I'm hoping to attract serious clients who value high-quality work.

I do have a little bit of a buffer. My client's site is also profitable, so they'll be able to pay me in the next few weeks. But I'll have to ease back the hours with them, so am looking for some more projects.

A company in most states across the US and throughout the entirety of Europe could pay a full time staff member with the same skills and experience you have the same amount you want per week ($3k) to work full time for them with significantly less hassle involved.

I think it's obvious why you're finding demand to be so low when you've set your price so high.

The amount you want for 60 hours a week ($9k) could get two extremely experienced engineers and provide them with a massive bonus incentive on top of their salary almost anywhere in the world.

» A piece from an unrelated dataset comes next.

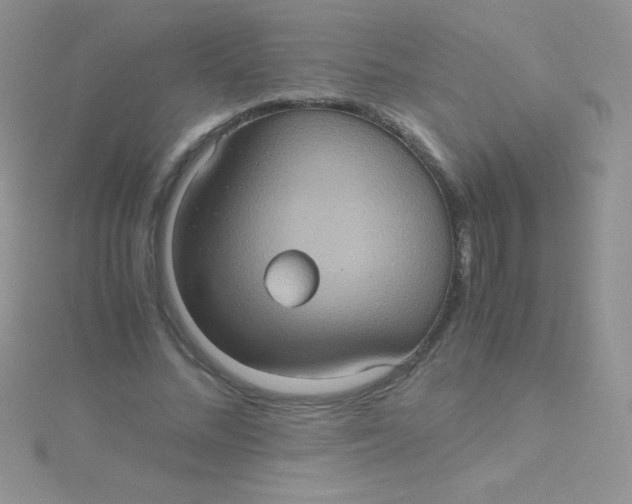 X0000115390684200911241246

It comes across as a bit delusional.

I understand where you're coming from.

I've been working with my current client for the last 3 months. He brought me on at $150 per hour after he had to fire his previous contractors, and I've been cleaning up their mess ever since. I've heard of quite a few situations like this, but I'm sure that there are cheaper developers out there who are doing great work.

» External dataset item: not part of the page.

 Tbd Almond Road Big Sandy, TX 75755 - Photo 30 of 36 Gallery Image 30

Demand for part-time + remote jobs seems to be pretty low in general, but I don't think my rate is the issue.

I am able to charge this much because of my experience with startups, and my open source contributions. I was an early engineer at a startup which is now worth over $500 million, and I'm currently the CTO at my own startup.

Obviously networking is one of my major weaknesses, and I need to work on that.

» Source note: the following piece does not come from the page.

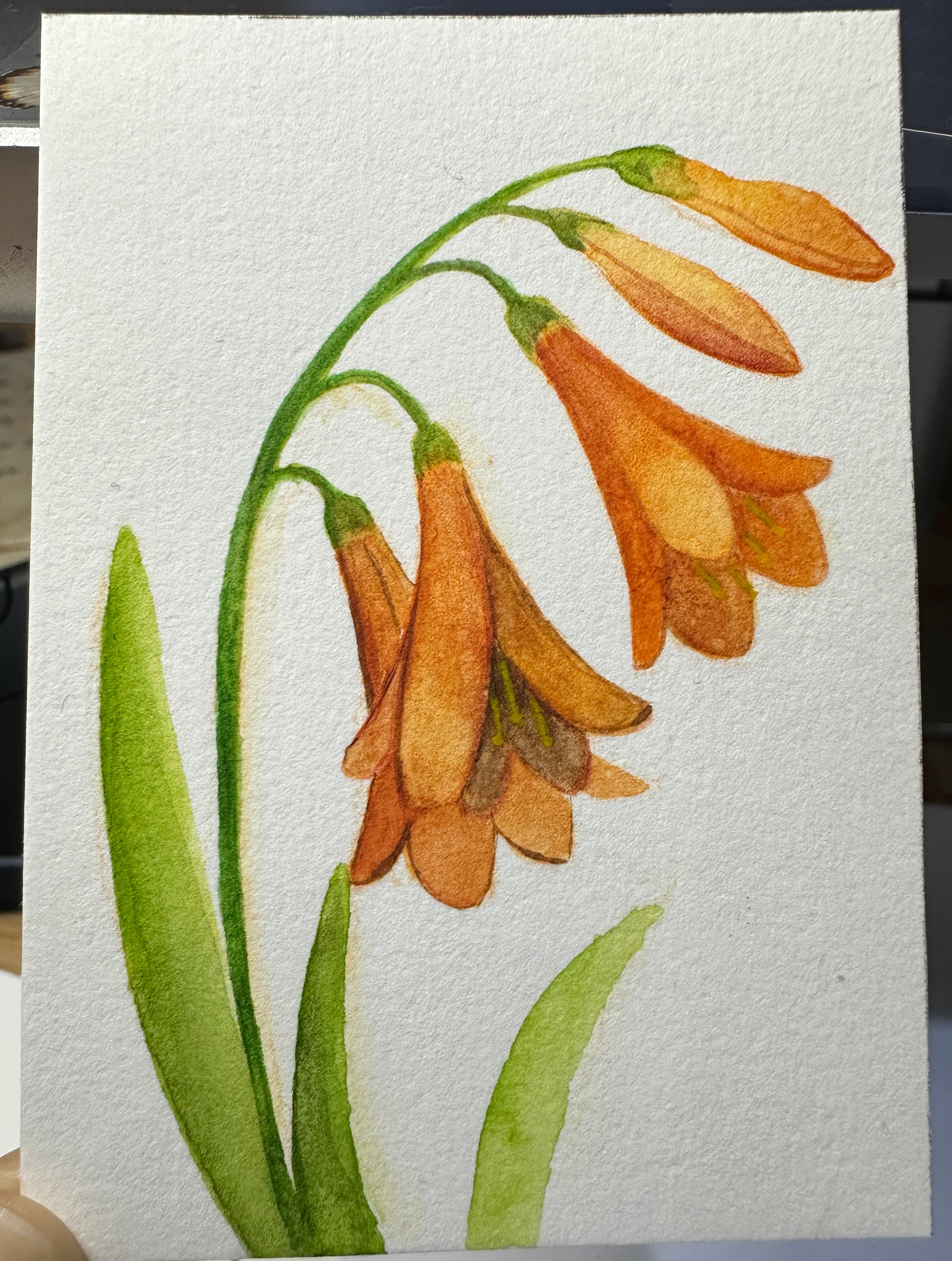 Orange Freesia Blossoms - Original ACEO Miniature Painting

As someone hiring some people* remote, your rate is at the way way top end of the scale. Even for people with core experience in Node (where I'm hiring).

I get what you're saying, but as an employer, the "non negotiable" and inflexible attitude is a point-blank no for me. Your OS contributions (caveat: spent 2 minutes looking) are hardly much (lists on github are not 'valuable programming', to me it's just content marketing that may as well be on a blog) compared to people asking for 1/2 to 2/3 of your proposed salary, who have core contribs, manage production-deployed packages/code that are in frequent use etc.

Your mileage may vary, so best of luck. But that's my perspective, as an employer, looking for remote devs. The competition is actually pretty high, and you can get awesome candidates that might earn $120-160k a year when working in the valley for $80-120k due to the lower costs they can incur ('valley tax') and the flexibility you offer as a remote employer.

Don't get me wrong, I know the value of a high-priced consultant (am/was one) to fix an emergency. But you're not asking people to deliver you an emergency, you're asking for a job. And to deliver in an emergency, you need a hell of a lot more credibility and slickness, which your post suggest you don't have.

* might be one, might be more. Depends on who applies and what it looks like.

Thanks for your feedback! For what it's worth, that's not my GitHub account. I just posted that list of remote working resources.
The serious clients who have the money you are looking for, are not going to hire a random guy in Thailand based on a forum comment.

At your suggested rate, these clients will be able to get an on-location contractor with significantly more experience (think 10-15 years). I.e. No hassle with international payments, timezones and what not.

Compare that to what you are suggesting: A very high cost (150 USD an hour) at a very high risk (completely unknown resource). This makes it a highly unappealing business proposal.

For you to get that rate while being remote, you need to have already established yourself with such clients, i.e. You need to have worked for them before and built a lot of trust.